**Work order:**
Copy each line below in which the string "Heather" appears.

**Exercise materials:**
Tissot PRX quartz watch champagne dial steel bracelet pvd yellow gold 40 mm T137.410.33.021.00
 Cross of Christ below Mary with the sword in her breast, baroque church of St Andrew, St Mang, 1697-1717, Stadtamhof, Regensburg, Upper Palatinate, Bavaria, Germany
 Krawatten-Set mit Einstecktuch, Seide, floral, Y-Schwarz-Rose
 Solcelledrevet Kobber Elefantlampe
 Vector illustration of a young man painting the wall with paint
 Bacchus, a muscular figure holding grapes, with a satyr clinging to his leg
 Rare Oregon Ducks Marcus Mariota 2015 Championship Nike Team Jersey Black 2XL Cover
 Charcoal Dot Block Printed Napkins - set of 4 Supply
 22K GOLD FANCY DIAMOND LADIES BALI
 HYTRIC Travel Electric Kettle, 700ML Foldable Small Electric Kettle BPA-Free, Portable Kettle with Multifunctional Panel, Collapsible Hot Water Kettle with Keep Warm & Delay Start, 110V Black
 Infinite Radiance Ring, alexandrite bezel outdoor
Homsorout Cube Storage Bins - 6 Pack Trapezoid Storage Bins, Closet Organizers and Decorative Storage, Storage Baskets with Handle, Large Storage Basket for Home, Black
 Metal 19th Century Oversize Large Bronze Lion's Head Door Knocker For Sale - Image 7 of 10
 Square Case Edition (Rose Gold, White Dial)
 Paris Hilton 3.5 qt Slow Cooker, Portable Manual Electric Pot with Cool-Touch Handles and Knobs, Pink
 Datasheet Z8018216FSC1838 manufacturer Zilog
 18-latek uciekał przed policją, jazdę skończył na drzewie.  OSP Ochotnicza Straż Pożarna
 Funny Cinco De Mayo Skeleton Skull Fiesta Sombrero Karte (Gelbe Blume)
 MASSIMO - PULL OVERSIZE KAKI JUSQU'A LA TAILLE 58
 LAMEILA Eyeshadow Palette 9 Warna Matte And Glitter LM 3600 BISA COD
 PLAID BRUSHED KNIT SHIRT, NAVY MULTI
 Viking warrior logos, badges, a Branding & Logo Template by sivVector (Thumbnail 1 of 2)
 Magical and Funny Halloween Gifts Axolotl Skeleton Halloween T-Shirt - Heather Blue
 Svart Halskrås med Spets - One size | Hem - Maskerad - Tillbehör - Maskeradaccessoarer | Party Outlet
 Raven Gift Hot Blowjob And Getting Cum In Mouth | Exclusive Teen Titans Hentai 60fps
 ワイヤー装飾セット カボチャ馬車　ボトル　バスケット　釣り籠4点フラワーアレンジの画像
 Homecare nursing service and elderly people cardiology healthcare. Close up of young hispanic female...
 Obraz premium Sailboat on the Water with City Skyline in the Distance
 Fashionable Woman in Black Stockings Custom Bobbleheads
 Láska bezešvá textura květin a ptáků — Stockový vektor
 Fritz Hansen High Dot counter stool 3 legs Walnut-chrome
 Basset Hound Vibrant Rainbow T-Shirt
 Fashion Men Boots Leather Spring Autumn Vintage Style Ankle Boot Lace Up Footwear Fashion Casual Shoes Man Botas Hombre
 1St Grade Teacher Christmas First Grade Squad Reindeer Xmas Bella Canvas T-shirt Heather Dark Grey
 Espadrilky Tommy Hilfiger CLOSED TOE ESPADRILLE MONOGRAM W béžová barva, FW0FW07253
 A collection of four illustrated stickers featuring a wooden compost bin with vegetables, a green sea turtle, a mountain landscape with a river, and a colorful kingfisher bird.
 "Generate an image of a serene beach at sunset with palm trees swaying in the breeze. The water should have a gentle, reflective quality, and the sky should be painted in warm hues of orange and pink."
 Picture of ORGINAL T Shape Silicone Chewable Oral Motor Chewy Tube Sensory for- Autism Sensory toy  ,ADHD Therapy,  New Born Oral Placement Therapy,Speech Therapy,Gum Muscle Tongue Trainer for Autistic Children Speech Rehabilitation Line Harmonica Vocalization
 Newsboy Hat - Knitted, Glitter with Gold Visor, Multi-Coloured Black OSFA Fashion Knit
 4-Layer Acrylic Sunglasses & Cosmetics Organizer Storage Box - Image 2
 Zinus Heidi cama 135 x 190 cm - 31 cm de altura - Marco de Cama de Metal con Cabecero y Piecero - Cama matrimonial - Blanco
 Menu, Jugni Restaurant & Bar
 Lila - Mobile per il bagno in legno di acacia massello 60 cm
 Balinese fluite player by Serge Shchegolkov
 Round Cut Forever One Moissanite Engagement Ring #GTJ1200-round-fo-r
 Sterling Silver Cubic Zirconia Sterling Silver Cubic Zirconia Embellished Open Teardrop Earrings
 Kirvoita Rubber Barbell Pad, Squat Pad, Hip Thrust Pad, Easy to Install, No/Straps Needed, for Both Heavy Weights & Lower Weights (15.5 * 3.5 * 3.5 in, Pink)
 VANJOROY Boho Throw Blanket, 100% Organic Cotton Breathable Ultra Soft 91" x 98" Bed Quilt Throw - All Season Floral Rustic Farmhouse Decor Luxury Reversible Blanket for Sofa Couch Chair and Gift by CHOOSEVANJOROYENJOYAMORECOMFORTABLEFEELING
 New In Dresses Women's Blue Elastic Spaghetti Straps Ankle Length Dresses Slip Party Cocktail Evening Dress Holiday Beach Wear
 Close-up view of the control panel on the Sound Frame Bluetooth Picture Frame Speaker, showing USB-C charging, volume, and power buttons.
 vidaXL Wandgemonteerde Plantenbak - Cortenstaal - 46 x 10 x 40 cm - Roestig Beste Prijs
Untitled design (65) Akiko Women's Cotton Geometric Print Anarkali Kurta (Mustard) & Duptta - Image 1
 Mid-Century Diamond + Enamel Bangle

**Written solution:**
 Magical and Funny Halloween Gifts Axolotl Skeleton Halloween T-Shirt - Heather Blue
 1St Grade Teacher Christmas First Grade Squad Reindeer Xmas Bella Canvas T-shirt Heather Dark Grey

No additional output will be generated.